[Task directions] Output the full listing below exactly as it reads, and skip anything that is a picture.
%%
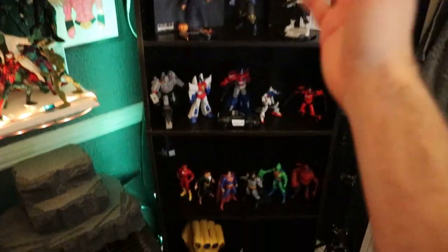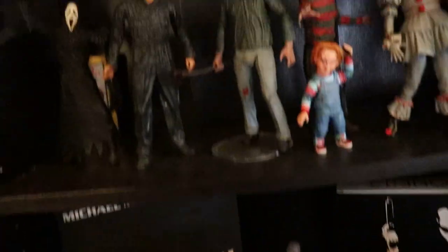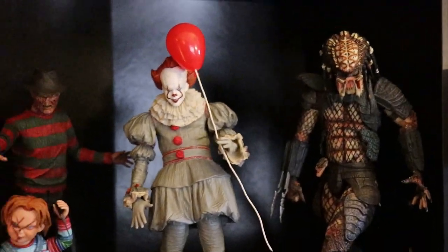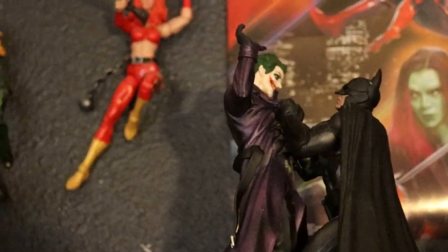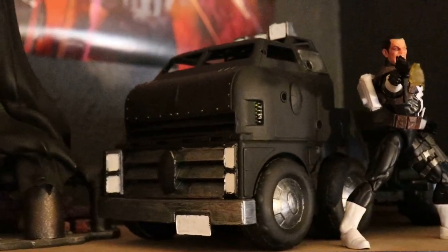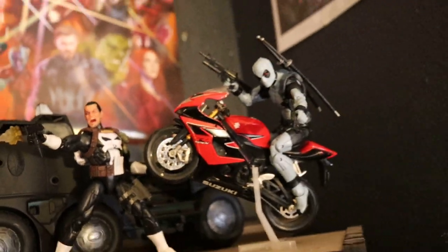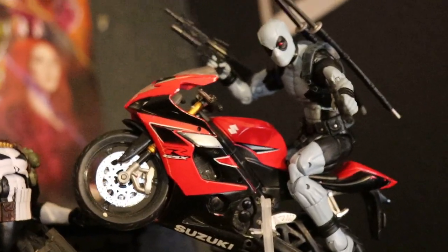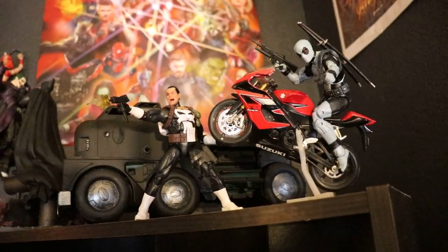As you guys can see, I kind of fixed my shelf over here, put up some of my favorite figures. Here I got my NECA figures — my main scary guys. Got that statue right there I got from a special friend on Instagram. Got the Punisher mobile that you guys saw me create last video — the Marvel Legends body with the Mezco Punisher head. And I finally opened my X-Force Deadpool that I've had boxed up for a couple of months. Him and Punisher just handling some business right there.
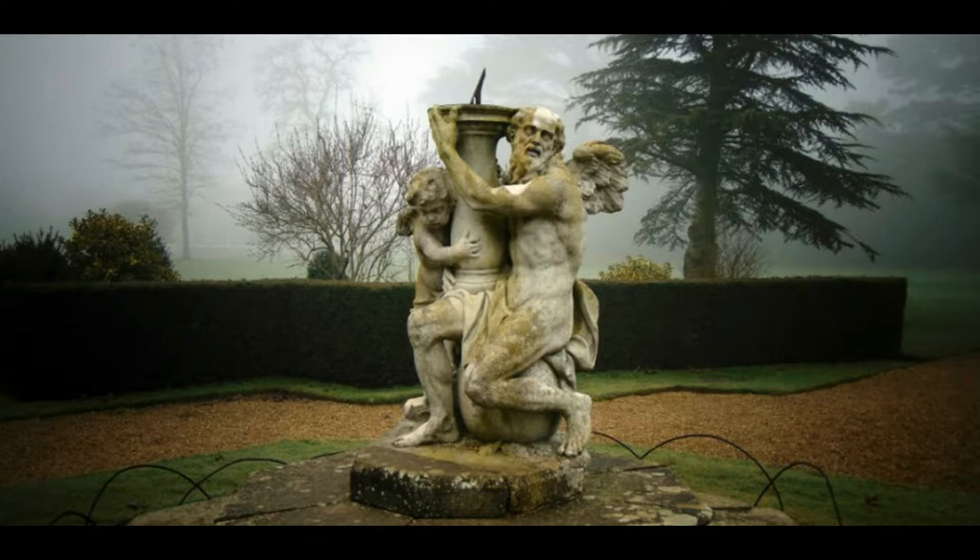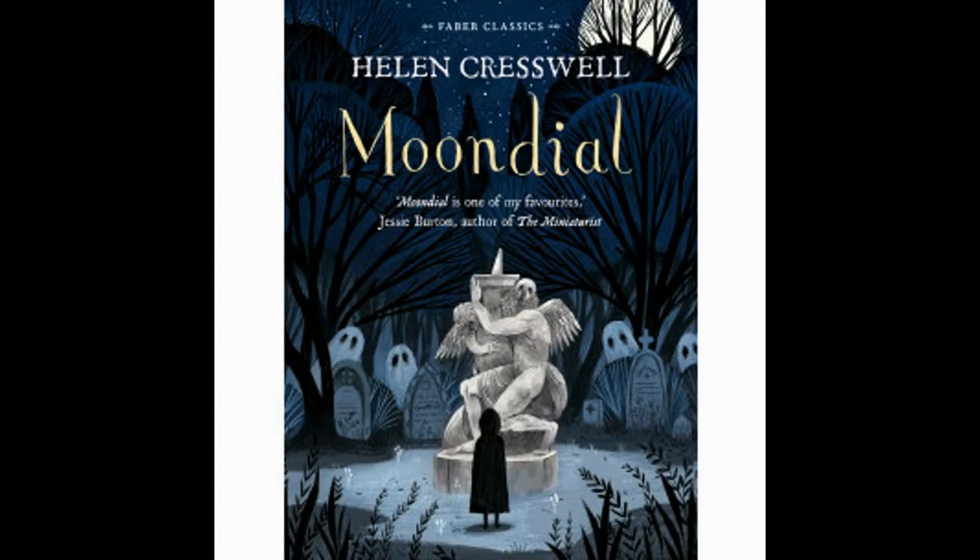Such a striking piece of art stirs the imagination, and for children's author Helen Creswell, she dreamt that the sundial holds a secret. The sundial is actually a moondial, and Moondial became the title of Creswell's novel published in 1987.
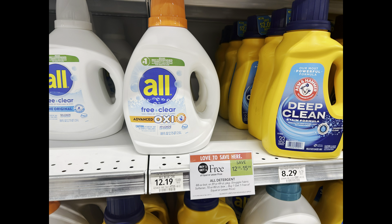All laundry detergent is BOGO this week, so you can pick up one for half price at about $6.09. Then we have a $3 rebate on Ibotta, making your total price just $3 for this big jug.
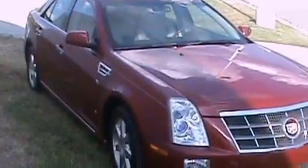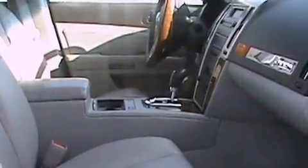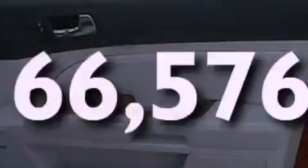Additional features include an illuminated passenger side vanity mirror, a low-tire pressure indicator, and a remote start feature. This vehicle has fewer than 67,000 miles on the odometer.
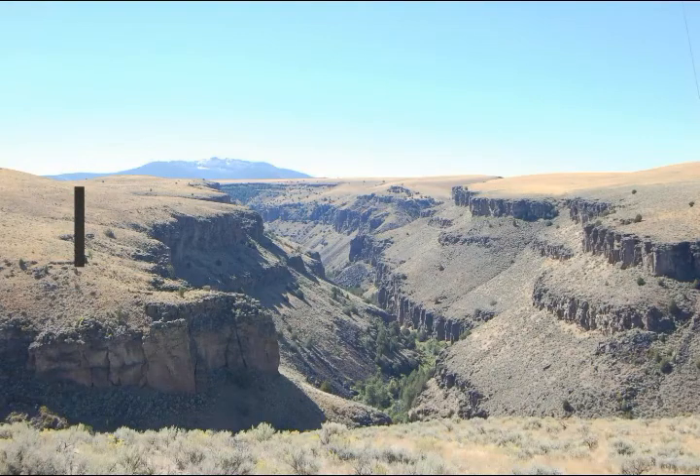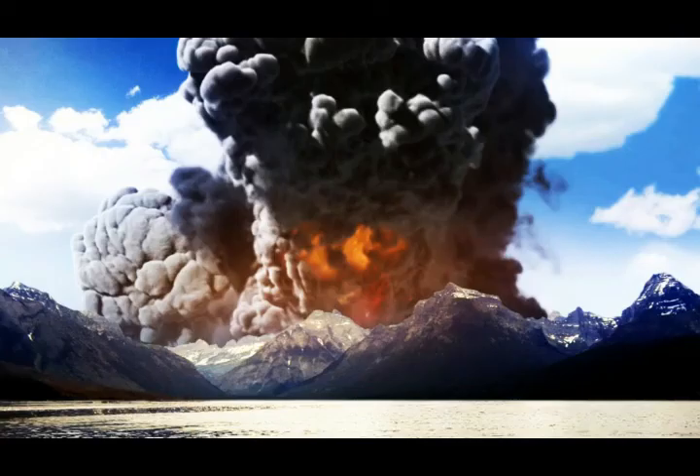Here we have images of the Idaho Snake River Plain ash deposits — as you can see, mountains full of this material. These were bigger super eruptions than the ones at Yellowstone. This research is reported on phys.org by the University of Leicester. Please leave your comments and thank you for your support.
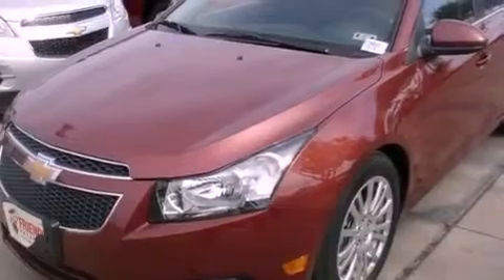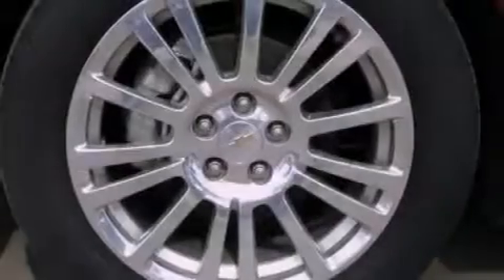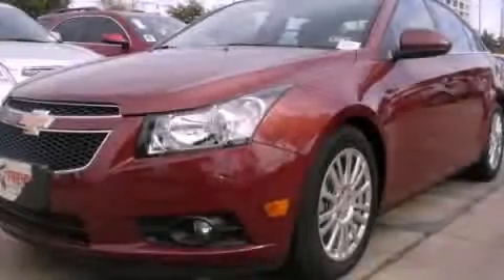With an EPA estimated rating of 42 miles per gallon on the highway, its fuel efficiency will save you time and money. This vehicle won't last long at this price — call and arrange a test drive now.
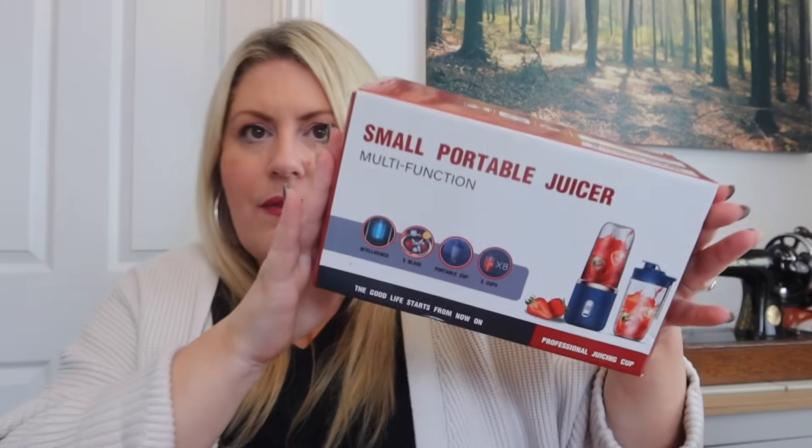The next item is something Chris wanted for his van — a small portable USB juicer. He's started taking smoothies with him for breakfast and this is perfect because he can do it on the go. It's USB so you can charge it in the car or van. It's actually got two cups so you could do one for breakfast and one for lunch, and it's got a lid to drink from too.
%%
[Task result]
As you guys can see, I kind of fixed my shelf over here, put up some of my favorite figures. Here I got my NECA figures — my main scary guys. Got that statue right there I got from a special friend on Instagram. Got the Punisher mobile that you guys saw me create last video — the Marvel Legends body with the Mezco Punisher head. And I finally opened my X-Force Deadpool that I've had boxed up for a couple of months. Him and Punisher just handling some business right there.
Such a striking piece of art stirs the imagination, and for children's author Helen Creswell, she dreamt that the sundial holds a secret. The sundial is actually a moondial, and Moondial became the title of Creswell's novel published in 1987.
All laundry detergent is BOGO this week, so you can pick up one for half price at about $6.09. Then we have a $3 rebate on Ibotta, making your total price just $3 for this big jug.
Additional features include an illuminated passenger side vanity mirror, a low-tire pressure indicator, and a remote start feature. This vehicle has fewer than 67,000 miles on the odometer.
Here we have images of the Idaho Snake River Plain ash deposits — as you can see, mountains full of this material. These were bigger super eruptions than the ones at Yellowstone. This research is reported on phys.org by the University of Leicester. Please leave your comments and thank you for your support.
With an EPA estimated rating of 42 miles per gallon on the highway, its fuel efficiency will save you time and money. This vehicle won't last long at this price — call and arrange a test drive now.
The next item is something Chris wanted for his van — a small portable USB juicer. He's started taking smoothies with him for breakfast and this is perfect because he can do it on the go. It's USB so you can charge it in the car or van. It's actually got two cups so you could do one for breakfast and one for lunch, and it's got a lid to drink from too.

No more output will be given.